We’ve witnessed many smaller operators already shuttering their doors, some rightfully due to their behaviour being extremely questionable, while other highly genuine businesses have followed suit out of either fear of potentially heavy-handed enforcement or directly not being able to adapt to the new regulatory compliance framework set forth above.

Some businesses though have chosen to continue, their products and sales practices are highly vetted to ensure agents handle themselves as expected. This law did not end their operations, but did add additional restrictions and operational headaches to them.

Approaches to the law

The key word in the new rules is unwanted. Their consent to receive the sales pitch must be “positive, voluntary and clear”, with an exception to all these new restrictions for when a consumer has a pre-existing relationship with the company offering the product.
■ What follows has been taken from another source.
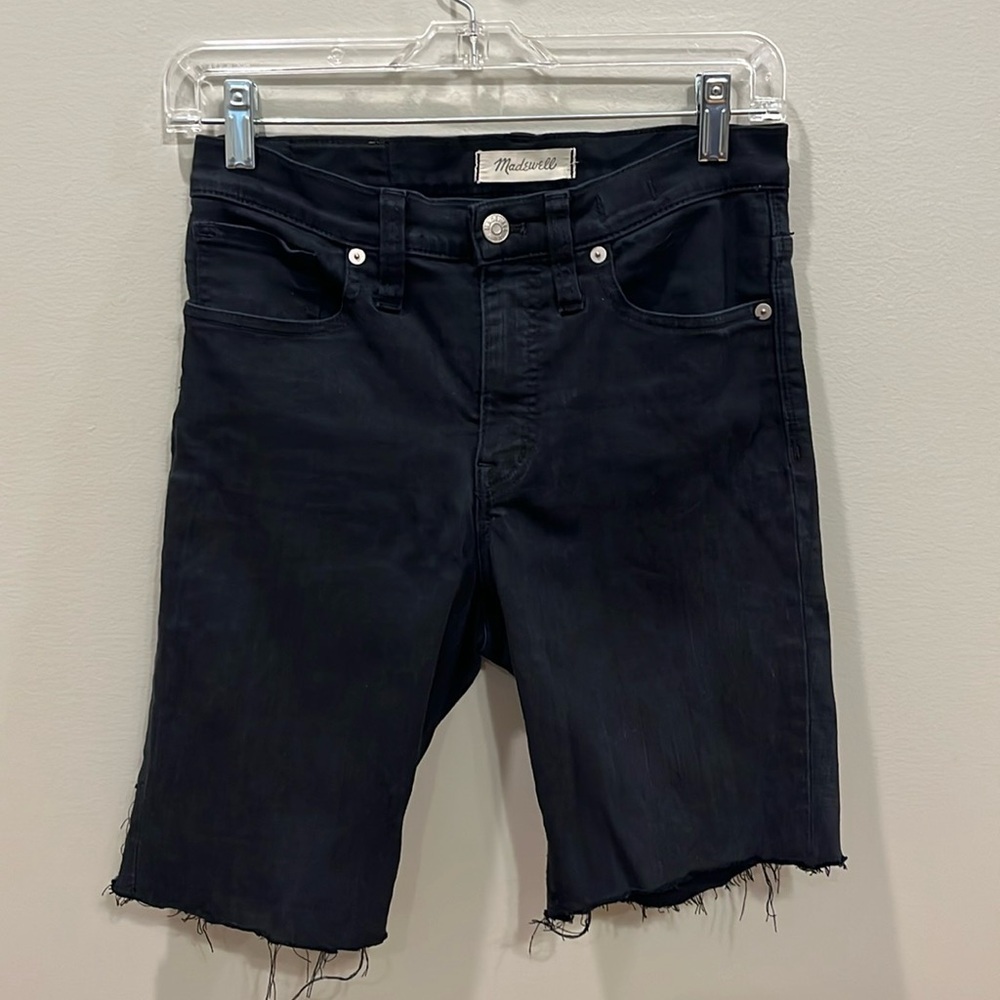 Madewell Black Jean Shorts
These two pathways alone create a large enough gap for companies to continue operating in an altered capacity, for consumers who’ve already engaged and qualified (or at least shown an interest) in the product from the telesales team it can be said these have a pre-existing relationship.

This same provision means it’s unlikely you’ll stop receiving unsolicited calls from your bank in the long run, though the behaviour of their agents is guaranteed to be more rigorously scripted.

As for the “positive, voluntary, and clear” requirement, we believe this will create new mini-industries where ordinary Australians will instead be cold called and kept on the phone for unrelated matters, at some point during the conversation they will be asked very clearly if they would be interested in (as an example) comparing their insurance with other local companies.

Take for example a company running cold call surveys, if the remote party says they wouldn’t be interested in changing their insurance the survey data itself has some value, but to express a true interest and consent in further action is sellable.

That data alone is enough to operate as an independent business providing a source of leads to partners and can come as justification for the next call.

If the government truly wants to end these calls entirely then over the phone sales of financial products should be limited to inbound calls only for reputable institutions and take steps to curb whatever loopholes we see emerge over the coming months — though it seems unlikely additional changes will be made for some time.

Ultimately where there’s opportunities to make money business will inevitably follow, and while the new laws may scare many existing players away the new steps necessary to drive a profit are unlikely to keep tomorrow’s entrants absent for long.